Instructions to follow:
Lines in the entries below where the word "Heel" shows up should each be copied.
◆ ◆ ◆ ◆ ◆ ◆ ◆
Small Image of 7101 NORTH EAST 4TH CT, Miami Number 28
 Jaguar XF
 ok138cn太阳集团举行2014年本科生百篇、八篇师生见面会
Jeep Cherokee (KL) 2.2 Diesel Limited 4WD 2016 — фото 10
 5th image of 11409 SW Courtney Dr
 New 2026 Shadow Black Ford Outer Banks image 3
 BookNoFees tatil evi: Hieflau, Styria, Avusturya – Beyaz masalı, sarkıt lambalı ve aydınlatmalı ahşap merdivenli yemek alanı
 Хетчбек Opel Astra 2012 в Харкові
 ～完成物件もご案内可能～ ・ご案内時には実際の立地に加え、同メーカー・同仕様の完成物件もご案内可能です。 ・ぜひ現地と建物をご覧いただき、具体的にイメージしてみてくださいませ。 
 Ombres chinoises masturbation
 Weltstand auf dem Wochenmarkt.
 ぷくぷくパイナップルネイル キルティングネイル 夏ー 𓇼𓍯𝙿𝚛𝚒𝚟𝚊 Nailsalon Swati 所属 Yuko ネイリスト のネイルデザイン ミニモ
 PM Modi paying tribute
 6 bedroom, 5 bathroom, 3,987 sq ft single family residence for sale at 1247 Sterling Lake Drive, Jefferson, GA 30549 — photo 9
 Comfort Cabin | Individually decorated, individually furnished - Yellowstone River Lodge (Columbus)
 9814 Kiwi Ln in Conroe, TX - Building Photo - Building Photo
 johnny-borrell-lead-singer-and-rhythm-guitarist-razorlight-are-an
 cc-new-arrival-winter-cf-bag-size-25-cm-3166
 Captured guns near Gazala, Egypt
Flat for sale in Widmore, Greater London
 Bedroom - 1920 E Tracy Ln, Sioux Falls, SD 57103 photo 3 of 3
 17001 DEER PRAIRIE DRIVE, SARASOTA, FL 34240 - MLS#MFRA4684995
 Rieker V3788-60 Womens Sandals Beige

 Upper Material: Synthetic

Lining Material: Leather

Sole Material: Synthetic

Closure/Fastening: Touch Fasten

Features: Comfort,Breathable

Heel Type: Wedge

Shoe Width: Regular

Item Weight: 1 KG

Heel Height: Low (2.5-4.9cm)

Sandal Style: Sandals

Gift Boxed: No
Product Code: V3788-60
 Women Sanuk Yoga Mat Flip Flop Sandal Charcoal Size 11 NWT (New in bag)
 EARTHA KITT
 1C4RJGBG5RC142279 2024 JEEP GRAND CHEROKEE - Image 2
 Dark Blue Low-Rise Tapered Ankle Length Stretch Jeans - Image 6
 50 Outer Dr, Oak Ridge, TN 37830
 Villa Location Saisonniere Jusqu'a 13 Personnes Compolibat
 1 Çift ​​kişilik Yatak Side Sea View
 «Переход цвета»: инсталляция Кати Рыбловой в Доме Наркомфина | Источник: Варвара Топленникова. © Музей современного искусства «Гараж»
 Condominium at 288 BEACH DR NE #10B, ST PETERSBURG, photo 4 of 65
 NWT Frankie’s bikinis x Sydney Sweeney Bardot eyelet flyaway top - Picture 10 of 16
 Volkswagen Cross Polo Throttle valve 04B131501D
◆ ◆ ◆ ◆ ◆ ◆ ◆
Result:
Heel Type: Wedge
Heel Height: Low (2.5-4.9cm)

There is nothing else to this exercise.